We also generate the enterprise wide scorecard. That scorecard has three tabs. The first tab shows all the AWS accounts and the score by requirement. The second tab list all of the accounts, the account’s overall score and current spend (which is pulled from CloudWatch Metrics Estimated bill). The final tab lists all of the executive owners and their scores. We risk weight the executive scores by AWS account spend. This leads us to the senior executive dashboard that is used to drive compliance. No VP wants a red box next to their name when the CISO, CTO or CFO is reviewing our cloud security.
(Mentok the Mindtaker is bitcoin mining again)
Exceptions
A vital feature most security vulnerability products lack is the ability to integrate with a risk acceptance register. We all know that FTP is really bad, but there may be cases where that protocol is required. It is up to the business to decide if that is an acceptable risk, and up to the development team and the security team to work out compensating controls. A scorecard is not useful it if cannot reflect the fact that “yes, we’re being stupid here, but were going in eyes wide open and this box needs to be green”.

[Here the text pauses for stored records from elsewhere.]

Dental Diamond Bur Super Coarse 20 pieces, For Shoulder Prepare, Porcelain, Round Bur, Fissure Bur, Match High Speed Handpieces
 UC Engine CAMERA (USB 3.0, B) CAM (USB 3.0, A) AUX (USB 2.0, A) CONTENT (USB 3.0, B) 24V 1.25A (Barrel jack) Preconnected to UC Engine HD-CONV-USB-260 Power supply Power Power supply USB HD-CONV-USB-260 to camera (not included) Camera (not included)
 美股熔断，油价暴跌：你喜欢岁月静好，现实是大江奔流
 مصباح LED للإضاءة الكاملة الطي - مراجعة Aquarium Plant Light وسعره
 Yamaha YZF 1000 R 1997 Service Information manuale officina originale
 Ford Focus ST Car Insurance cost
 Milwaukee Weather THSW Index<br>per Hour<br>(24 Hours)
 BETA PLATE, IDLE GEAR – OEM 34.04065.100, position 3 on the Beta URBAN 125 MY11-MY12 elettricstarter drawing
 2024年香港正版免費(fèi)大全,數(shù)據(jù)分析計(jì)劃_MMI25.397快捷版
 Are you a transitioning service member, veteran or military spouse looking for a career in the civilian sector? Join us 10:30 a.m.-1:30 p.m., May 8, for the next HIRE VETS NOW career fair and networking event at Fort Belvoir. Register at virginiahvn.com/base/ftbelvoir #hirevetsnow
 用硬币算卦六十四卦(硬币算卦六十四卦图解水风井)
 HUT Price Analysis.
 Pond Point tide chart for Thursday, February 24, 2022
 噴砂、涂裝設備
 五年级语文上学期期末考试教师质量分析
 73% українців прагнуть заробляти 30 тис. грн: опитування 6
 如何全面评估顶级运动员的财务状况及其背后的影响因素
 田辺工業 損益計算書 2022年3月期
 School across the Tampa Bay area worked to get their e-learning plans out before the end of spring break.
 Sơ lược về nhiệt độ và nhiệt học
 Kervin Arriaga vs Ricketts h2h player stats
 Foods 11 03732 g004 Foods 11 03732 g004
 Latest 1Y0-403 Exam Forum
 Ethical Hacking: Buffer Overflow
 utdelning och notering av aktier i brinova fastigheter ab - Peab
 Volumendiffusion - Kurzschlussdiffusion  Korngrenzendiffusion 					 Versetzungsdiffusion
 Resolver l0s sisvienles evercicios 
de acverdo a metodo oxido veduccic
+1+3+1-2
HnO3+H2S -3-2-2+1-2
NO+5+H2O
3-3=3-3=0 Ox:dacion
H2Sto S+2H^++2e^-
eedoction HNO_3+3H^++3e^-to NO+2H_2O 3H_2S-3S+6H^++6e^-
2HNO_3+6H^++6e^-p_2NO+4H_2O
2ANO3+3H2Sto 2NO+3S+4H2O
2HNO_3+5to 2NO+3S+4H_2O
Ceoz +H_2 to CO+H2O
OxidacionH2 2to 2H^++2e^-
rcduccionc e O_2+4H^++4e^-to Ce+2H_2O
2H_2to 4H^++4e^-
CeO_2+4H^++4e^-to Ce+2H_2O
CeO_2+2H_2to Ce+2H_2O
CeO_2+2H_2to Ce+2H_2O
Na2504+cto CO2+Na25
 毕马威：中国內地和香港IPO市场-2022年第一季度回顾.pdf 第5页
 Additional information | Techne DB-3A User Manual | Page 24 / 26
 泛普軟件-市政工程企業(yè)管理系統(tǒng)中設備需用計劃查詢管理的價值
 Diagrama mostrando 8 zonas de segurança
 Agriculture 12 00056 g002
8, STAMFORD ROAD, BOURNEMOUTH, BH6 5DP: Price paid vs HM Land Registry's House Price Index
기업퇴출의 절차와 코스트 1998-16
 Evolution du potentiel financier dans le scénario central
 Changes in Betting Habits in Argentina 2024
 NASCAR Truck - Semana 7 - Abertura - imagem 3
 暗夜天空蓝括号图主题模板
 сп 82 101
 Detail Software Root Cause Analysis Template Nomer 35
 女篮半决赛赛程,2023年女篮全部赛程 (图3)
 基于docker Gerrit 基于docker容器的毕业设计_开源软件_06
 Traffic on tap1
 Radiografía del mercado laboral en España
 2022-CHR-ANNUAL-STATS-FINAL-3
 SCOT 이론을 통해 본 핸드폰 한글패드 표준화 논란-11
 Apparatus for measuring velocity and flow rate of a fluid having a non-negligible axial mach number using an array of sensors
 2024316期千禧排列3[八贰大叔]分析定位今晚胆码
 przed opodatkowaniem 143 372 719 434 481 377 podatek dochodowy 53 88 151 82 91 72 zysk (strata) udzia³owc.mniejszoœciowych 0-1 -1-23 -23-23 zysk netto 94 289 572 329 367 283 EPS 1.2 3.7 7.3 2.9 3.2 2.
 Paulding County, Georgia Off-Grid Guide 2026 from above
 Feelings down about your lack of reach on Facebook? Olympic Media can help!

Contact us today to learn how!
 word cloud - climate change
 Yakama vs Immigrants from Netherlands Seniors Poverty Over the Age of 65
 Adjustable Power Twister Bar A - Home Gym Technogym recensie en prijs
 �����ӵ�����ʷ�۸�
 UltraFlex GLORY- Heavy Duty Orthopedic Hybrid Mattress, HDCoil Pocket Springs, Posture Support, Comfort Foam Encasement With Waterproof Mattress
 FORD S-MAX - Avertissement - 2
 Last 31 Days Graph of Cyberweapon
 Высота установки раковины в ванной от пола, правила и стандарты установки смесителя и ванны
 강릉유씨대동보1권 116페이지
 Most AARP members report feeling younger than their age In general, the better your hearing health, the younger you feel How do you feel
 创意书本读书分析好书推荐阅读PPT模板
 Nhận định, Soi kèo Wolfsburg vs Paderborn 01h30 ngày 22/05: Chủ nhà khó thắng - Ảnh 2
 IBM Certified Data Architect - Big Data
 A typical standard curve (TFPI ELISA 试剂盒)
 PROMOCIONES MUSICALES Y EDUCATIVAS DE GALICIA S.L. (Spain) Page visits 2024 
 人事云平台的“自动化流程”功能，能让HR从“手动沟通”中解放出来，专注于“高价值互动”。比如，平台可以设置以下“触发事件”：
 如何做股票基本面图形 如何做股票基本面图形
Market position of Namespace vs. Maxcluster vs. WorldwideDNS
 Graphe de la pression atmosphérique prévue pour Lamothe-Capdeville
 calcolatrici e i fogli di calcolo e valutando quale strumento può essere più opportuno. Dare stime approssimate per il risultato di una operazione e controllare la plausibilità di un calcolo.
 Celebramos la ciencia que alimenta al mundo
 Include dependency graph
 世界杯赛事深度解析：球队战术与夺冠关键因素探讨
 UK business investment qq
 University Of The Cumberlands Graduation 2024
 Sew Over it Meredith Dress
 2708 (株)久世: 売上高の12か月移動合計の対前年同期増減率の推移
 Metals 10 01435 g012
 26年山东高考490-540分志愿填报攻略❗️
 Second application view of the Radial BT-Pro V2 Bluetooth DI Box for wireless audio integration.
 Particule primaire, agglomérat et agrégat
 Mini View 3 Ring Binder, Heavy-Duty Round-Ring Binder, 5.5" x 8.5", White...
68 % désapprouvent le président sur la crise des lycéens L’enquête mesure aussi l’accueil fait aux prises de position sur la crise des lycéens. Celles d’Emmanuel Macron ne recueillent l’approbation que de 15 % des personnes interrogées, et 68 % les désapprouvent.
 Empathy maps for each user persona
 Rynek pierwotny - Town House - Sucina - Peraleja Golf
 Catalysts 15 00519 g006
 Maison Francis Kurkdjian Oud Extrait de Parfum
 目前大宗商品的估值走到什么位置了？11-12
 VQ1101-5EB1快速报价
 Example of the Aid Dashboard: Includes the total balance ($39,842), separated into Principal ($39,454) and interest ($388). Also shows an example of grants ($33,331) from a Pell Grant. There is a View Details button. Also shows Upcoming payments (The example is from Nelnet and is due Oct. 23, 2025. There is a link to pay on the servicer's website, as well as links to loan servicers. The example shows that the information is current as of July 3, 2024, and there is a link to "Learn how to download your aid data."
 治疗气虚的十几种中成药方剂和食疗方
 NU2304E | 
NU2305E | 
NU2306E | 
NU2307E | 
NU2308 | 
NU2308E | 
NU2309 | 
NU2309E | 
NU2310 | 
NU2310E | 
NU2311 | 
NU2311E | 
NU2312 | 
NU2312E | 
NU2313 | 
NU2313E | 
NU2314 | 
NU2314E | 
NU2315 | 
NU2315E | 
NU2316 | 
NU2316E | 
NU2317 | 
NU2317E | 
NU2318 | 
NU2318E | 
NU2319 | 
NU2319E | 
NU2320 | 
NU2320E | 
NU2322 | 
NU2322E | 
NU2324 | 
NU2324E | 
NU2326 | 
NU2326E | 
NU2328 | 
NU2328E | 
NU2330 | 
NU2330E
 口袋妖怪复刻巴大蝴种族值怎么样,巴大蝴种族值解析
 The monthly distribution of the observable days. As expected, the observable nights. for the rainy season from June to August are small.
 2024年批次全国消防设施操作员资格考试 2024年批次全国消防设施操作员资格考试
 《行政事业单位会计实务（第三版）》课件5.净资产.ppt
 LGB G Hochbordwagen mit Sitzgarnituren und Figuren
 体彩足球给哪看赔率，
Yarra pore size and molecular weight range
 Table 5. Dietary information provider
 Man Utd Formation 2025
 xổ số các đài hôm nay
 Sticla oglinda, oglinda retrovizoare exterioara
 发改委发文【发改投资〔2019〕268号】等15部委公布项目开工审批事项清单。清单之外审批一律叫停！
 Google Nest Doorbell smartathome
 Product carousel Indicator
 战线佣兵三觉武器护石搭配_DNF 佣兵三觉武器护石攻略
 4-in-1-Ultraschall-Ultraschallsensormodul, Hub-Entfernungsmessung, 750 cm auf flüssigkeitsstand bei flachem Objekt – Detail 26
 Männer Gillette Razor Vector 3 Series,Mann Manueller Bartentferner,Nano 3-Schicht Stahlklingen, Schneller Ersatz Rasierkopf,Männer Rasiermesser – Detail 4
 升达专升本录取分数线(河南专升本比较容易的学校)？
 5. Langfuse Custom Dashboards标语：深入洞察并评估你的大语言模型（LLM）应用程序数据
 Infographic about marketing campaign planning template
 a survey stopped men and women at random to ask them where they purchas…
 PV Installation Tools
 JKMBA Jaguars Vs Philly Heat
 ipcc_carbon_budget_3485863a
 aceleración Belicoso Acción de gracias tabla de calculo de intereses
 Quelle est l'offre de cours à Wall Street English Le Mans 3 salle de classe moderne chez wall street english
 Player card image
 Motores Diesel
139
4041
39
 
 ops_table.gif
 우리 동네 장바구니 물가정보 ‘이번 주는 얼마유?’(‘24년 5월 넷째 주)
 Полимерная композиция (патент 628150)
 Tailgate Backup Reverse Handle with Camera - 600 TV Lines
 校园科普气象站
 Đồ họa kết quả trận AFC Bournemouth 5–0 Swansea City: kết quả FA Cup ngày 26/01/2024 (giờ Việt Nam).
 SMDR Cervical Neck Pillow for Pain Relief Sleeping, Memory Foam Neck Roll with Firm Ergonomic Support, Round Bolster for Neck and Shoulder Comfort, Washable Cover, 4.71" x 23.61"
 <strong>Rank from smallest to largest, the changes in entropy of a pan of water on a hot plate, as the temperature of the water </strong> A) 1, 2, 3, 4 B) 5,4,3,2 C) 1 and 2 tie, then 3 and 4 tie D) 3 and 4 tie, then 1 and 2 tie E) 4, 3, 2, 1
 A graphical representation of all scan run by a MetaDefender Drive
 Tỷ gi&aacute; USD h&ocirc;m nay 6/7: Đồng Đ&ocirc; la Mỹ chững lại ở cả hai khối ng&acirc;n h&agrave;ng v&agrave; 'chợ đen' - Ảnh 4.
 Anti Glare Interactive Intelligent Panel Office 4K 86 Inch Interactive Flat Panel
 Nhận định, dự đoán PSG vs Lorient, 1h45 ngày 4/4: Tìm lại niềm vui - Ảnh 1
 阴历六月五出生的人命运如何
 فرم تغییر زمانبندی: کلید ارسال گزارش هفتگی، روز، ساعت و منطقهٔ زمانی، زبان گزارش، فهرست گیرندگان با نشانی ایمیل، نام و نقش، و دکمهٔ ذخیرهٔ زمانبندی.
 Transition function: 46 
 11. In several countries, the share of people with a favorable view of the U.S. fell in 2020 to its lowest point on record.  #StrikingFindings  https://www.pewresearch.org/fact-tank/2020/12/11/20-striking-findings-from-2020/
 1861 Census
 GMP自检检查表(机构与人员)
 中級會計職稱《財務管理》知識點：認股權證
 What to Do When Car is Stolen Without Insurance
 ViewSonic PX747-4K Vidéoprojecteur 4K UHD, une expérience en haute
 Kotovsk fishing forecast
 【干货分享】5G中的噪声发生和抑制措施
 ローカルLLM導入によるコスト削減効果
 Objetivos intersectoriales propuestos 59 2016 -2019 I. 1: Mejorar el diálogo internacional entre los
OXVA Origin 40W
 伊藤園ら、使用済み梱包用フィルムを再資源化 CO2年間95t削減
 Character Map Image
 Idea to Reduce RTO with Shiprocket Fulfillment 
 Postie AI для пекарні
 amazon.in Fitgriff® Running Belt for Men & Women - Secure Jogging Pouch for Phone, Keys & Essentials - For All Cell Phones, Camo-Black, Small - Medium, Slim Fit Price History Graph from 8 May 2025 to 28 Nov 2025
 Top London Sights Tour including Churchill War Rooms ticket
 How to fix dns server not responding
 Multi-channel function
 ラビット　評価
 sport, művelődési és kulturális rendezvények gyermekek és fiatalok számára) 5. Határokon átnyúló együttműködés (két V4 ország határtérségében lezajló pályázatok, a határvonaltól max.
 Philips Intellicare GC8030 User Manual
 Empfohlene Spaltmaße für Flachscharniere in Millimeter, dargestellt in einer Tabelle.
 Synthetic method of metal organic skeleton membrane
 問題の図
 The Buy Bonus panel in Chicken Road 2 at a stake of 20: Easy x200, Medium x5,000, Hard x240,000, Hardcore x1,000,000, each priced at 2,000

Ignoring accepted risk in these scorecards means that an account owner could legitimately have an 80% score with no ability to go higher. Always having a red box next to a requirement means that the technical team won’t look to see if a different resource is out of compliance or not. Real risk would hide behind accepted risk and vulnerabilities we didn’t know about would persist.
For us, the risk register is as simple as a SharePoint form. We capture the list of AWS accounts and Cloud Security Standard Requirements as lookup tables. We have an text box for AWS Resource ID. We export the risk register to json on an hourly basis via some Powershell magic. The scorecard system imports that data into DynamoDB at the start of each run. When we see a non-compliant resource that matches the resource-id, account-id and requirement, we grant credit for that in the scoring table and annotate the exception information in the non-compliant resources table. Exceptions have expiration dates which are captured in Sharepoint, so if the the expiration date is passed we still note the exception, but no longer give credit for that resource.
As a result, all accounts can theoretically be at 100%, either because there are no issues, or that the risk acceptance committee as agreed that the risk is acceptable and have granted an exception to the standard.
What’s next.
I’ve been given approval to open source this under the project name Antiope. The inventory portion is about ready to release. Once that is done I’ll get the scorecard portion ported over. Check it out on github
Additionally, we are a multi-cloud company, and I’m drafting security standards for Azure and GCP. Since everything is API based, I intend for the Antiope framework to provide scorecards for Azure & GCP too.
[1]: CloudSploit has an open sourced scanning engine that has the best coverage of AWS services I’ve seen. They have a commercial service, but we just use the scanning engine.